▶ **Problem details**
Although the listing contains pictures, reproduce only its text, exactly as written.

▶ **Source records**
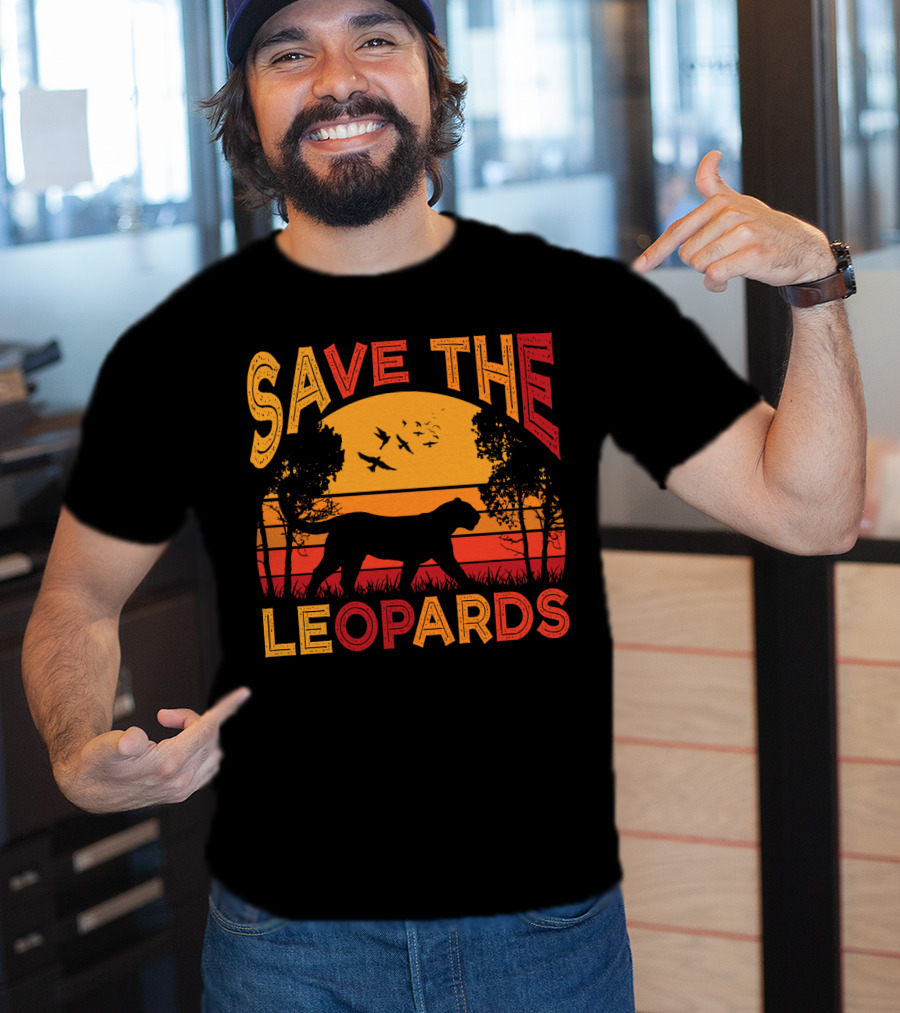 SAVE THE LEOPARDS Sunset Silhouette With Birds And Trees T-Shirt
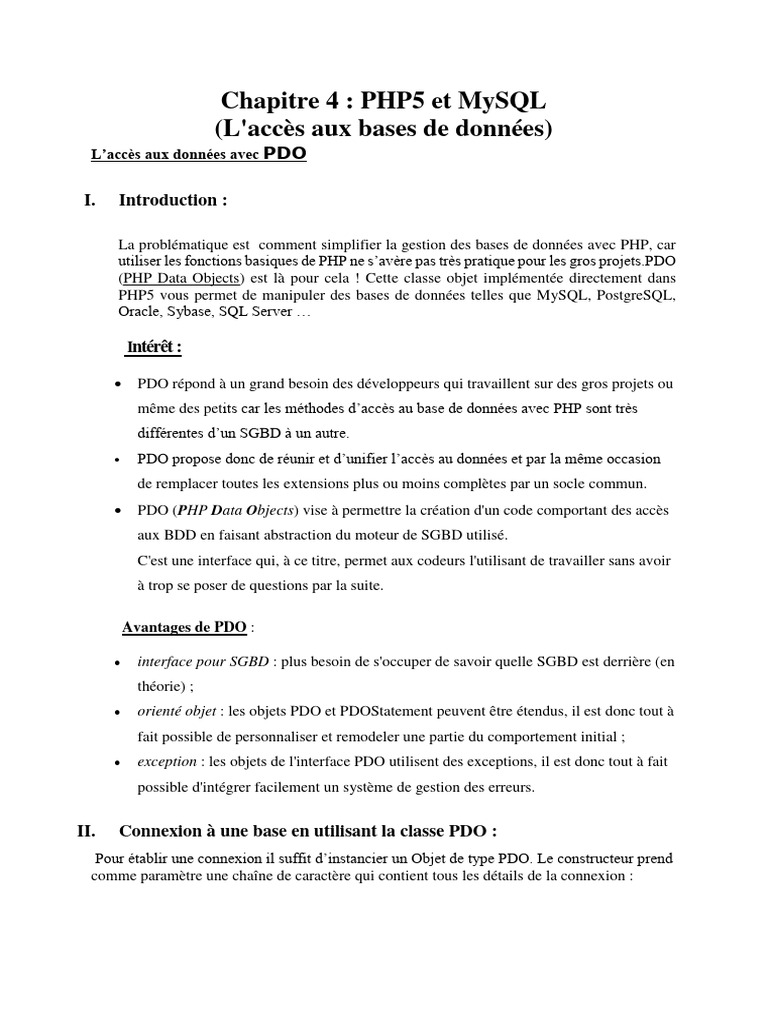 Accès aux BDD avec PDO en PHP5 | PDF | PHP | MySQL
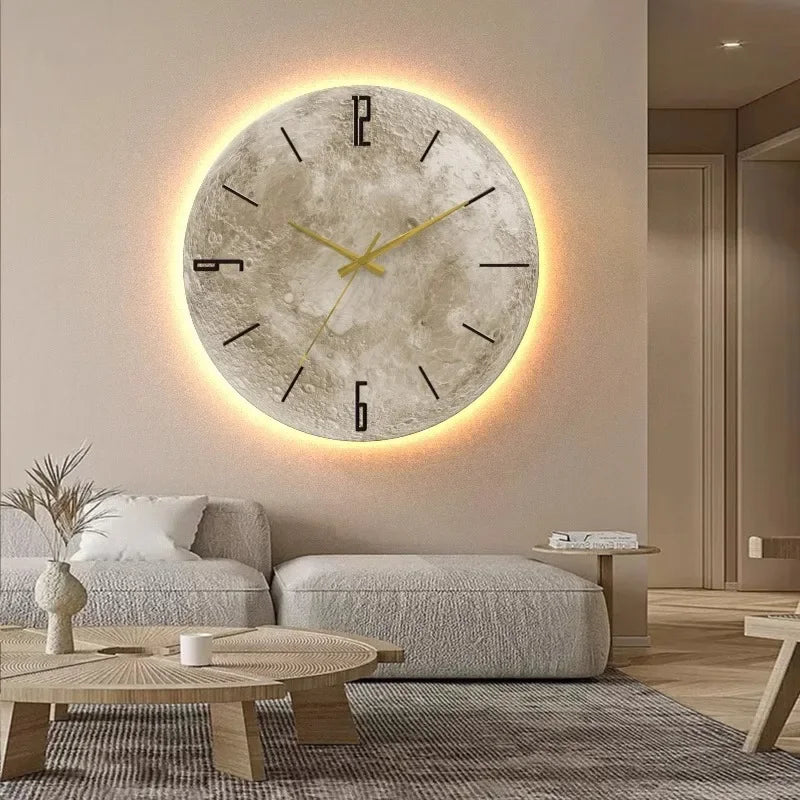 2024 New Sandstone Creative Moon Clock Living Room TV Background Wall Decoration Moon Silent Wall Clock Bedroom Atmosphere Light 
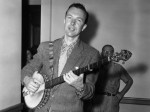 Pete Seeger with his long neck banjo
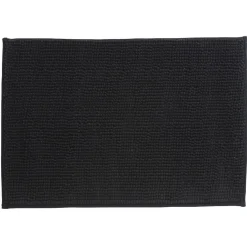 Tapis salle de bain chenille uni noir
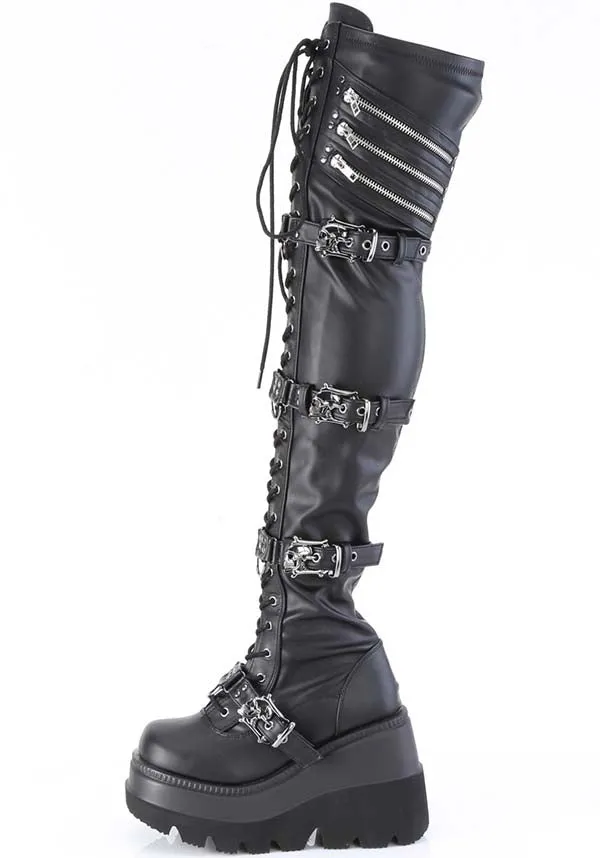 SHAKER-420 [Black Stretch Vegan Leather] | PLATFORM BOOTS [PREORDER]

▶ **Response box**
 SAVE THE LEOPARDS Sunset Silhouette With Birds And Trees T-Shirt
 Accès aux BDD avec PDO en PHP5 | PDF | PHP | MySQL
 2024 New Sandstone Creative Moon Clock Living Room TV Background Wall Decoration Moon Silent Wall Clock Bedroom Atmosphere Light 
 Pete Seeger with his long neck banjo
 Tapis salle de bain chenille uni noir
 SHAKER-420 [Black Stretch Vegan Leather] | PLATFORM BOOTS [PREORDER]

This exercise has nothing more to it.